Pero lo que don Juan Diego debe entender es que como Ministro --y de Seguridad-- ya estas triquiñuelas no se valen. En su cargo la seriedad debe ser la norma y la sobriedad el estilo.
Todo esto dista mucho de sus acciones recientes. Y todavía más de las palabras que ha utilizado para referirse a los diputados. Al simplista intento de depositar en ellos todos los males de nuestra seguridad ciudadana, el Ministro arremetió en su contra el lunes en el programa Aló Pueblo, donde se quejó, con obvias referencias a Cuesta de Moras, del "ejército de politiqueros y de los vividores de la política y el ejército de los narcotraficantes y de los grandes delincuentes". Al día siguiente ofreció disculpas por su virtual sitio de la Asamblea. ¿Pero dónde está el mea culpa por sus exabruptos verbales? ¿Tan poca importancia le da el Ministro a sus propias palabras?

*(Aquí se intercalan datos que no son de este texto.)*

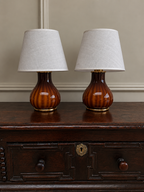 Two matching table lamps with tapered off-white fabric shades and glossy amber-brown ribbed glass bases, displayed on a dark wooden chest against a beige wall.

Don Juan Diego ha dado en el pasado algunas muestras de real interés por la seguridad, pero su litigosa personalidad se empeña en traicionarlo y él se empeña en dejarse controlar por ella, al punto de haberse convertido en hábito. Un problema tan esencial como este es mayor que un simple asunto de prioridades o políticas. Y a estas alturas no parece ser posible solucionarlo cambiando estas, sino a la persona que se ha negado a cambiar.